EXERCISE INSTRUCTIONS
Could you restate word for word only the lines below from the one holding "AD&Uuml; Rekt&ouml;r&uuml; Kent, araştırma" to the one holding "Seaclusion Villa Palase", inclusive, and leave out the pictures?

RECORDS FOR THIS TASK
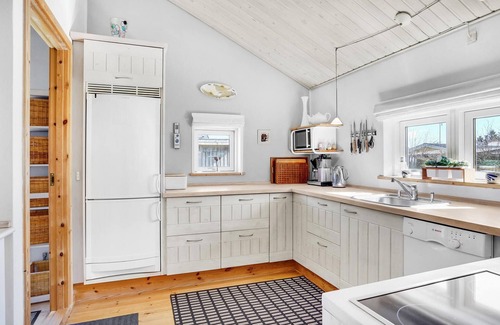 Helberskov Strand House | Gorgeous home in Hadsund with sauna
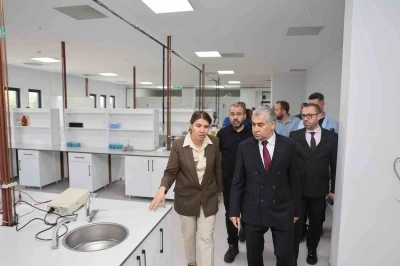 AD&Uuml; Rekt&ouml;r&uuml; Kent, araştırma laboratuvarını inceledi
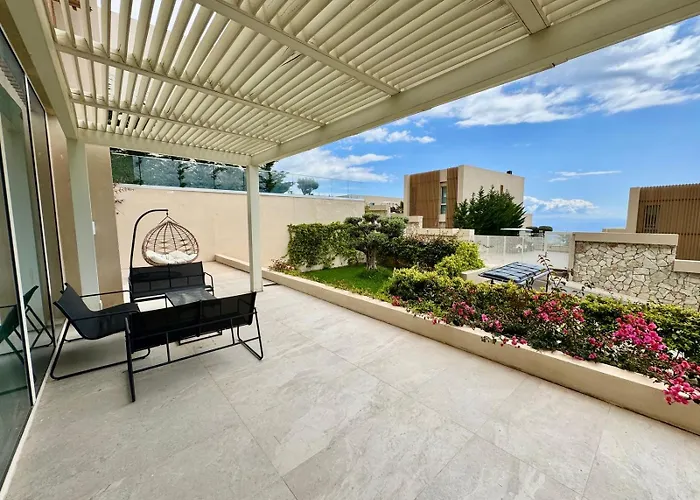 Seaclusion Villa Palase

--

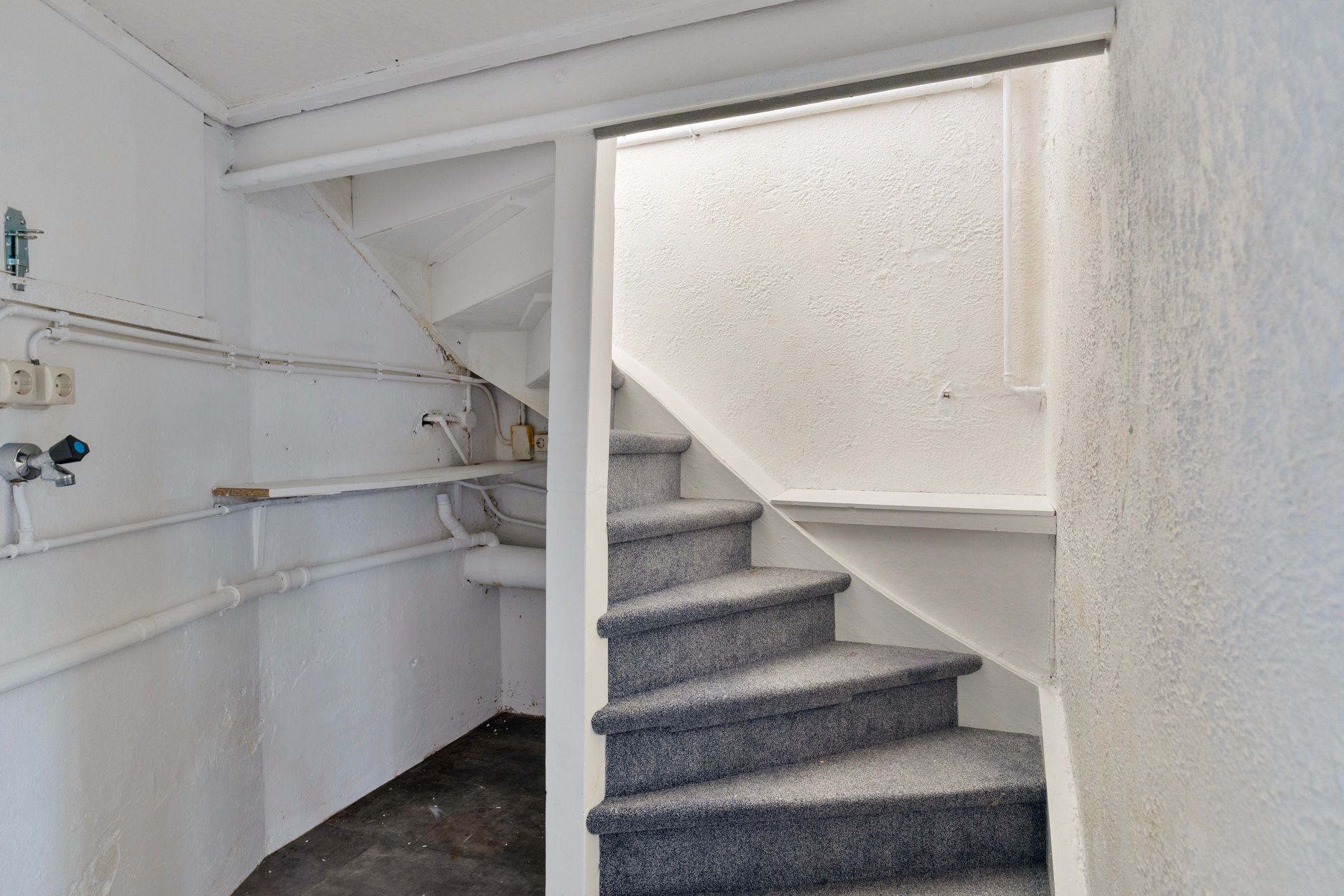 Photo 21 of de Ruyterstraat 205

* * *

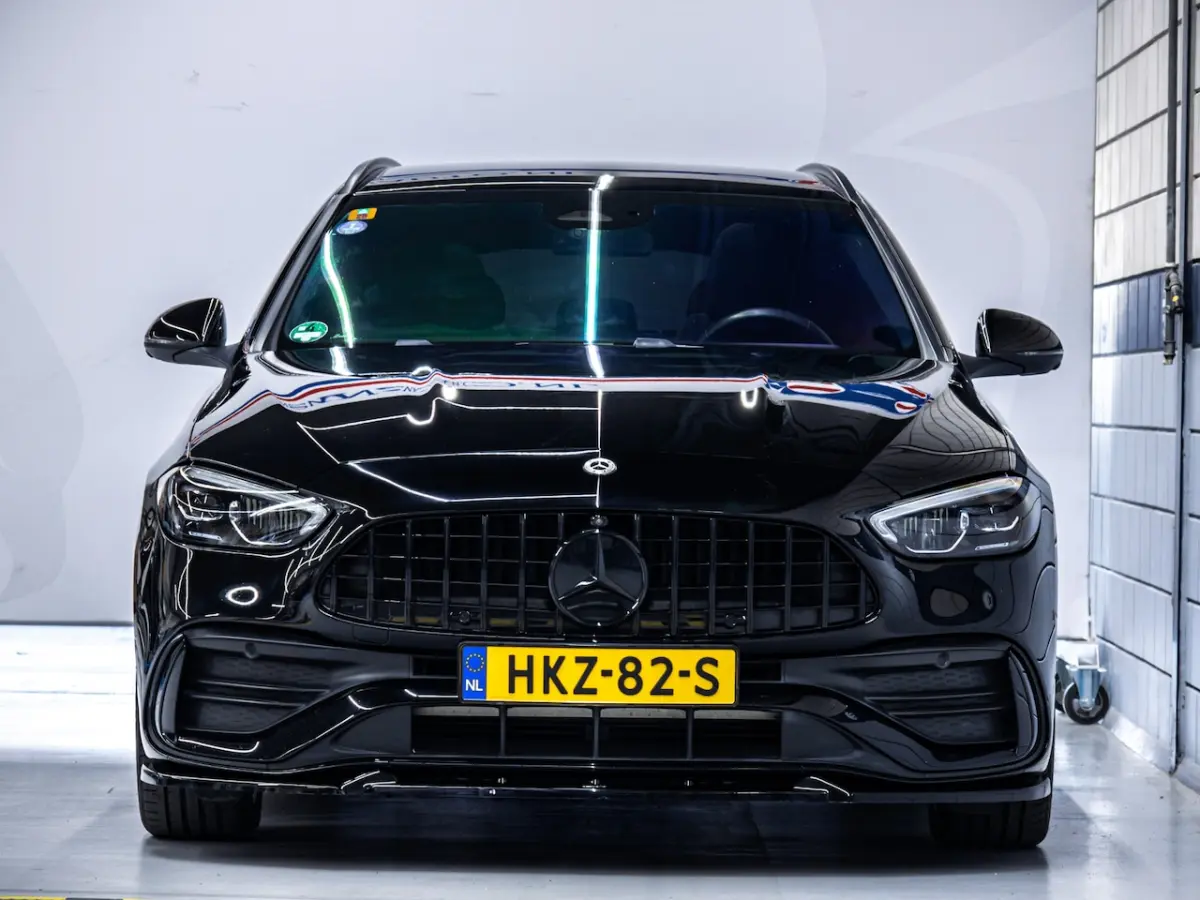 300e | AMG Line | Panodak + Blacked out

RESULT OF THE TASK
 AD&Uuml; Rekt&ouml;r&uuml; Kent, araştırma laboratuvarını inceledi
 Seaclusion Villa Palase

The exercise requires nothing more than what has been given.